A virtual heist hit a Bitcoin exchange in Seoul — again.
Youbit, a South Korea cryptocurrency exchange, announced it was closing its doors after digital robbers stole an undisclosed number of bitcoins. The exchange was hacked for the first time in April, when an estimated 4,000 bitcoins were stolen. While bitcoin has dramatic, sometimes hourly fluctuations in value, at today's going exchange rate of $15,000 USD per bitcoin, such a hack would equate to around $61 million lost; although in April, the same sum of bitcoin would be worth only around $4 million, as they were trading near $1,000 per bitcoin back then.
This more recent hack took a reported 17 percent of Youbit's assets, according to a Reuters report. The precise amount was not specified. The Reuters report also noted that the Korea Internet & Security Agency (KISA) is investigating the cyberattack.
The previous hack of Youbit in April was reportedly linked to a hacker group in North Korea. Indeed, North Korea is suspected to be the culprit in this latest hack, though that remains unconfirmed.
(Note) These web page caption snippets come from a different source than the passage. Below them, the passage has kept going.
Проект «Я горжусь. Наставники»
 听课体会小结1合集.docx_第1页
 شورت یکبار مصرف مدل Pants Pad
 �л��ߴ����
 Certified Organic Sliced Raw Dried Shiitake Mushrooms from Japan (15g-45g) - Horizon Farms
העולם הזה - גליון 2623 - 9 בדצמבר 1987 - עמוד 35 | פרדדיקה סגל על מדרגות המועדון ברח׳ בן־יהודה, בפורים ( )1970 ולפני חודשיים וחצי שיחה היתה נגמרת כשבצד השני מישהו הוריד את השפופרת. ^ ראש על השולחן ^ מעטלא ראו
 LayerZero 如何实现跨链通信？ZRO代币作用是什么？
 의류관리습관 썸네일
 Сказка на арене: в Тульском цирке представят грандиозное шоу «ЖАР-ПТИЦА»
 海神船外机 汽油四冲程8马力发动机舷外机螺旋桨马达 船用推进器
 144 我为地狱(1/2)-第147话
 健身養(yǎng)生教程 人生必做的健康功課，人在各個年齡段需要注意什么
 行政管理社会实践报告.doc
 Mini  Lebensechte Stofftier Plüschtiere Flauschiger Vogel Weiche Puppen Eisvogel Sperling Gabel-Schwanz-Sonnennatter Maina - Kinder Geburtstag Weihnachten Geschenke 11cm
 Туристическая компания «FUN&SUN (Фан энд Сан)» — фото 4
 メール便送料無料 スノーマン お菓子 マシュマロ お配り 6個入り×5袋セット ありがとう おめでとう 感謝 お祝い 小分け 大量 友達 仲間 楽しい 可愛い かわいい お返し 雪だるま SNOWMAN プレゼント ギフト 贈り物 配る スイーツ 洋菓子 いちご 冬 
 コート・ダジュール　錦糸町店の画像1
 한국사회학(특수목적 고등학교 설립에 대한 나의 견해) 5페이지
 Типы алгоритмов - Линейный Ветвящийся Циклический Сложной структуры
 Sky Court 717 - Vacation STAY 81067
This also marks the second time this week that North Korea has been blamed for a cyberattack.
The hack of Youbit comes at a moment of truth for cryptocurrencies. In the past month, bitcoin reached its highest value ever. That, and the announcement that both the Chicago Board of Exchange and the Chicago Mercantile Exchange would allow futures trading in Bitcoin, also gave the currency mainstream appeal.
Youbit isn’t the only cryptocurrency exchange to suffer a PR nightmare. CNBC reported yesterday that Coinbase, a U.S.-based exchange, was under scrutiny for alleged insider trading. On Dec. 19, the value of Bitcoin Cash — a currency which spun off of bitcoin — started to rise immediately prior to Coinbase’s announcement that it would be supporting it, a coincidence that raised suspicion. Brian Armstrong, Coinbase’s co-founder, wrote a Medium post detailing the company’s trading policy, and announced that an investigation had been launched.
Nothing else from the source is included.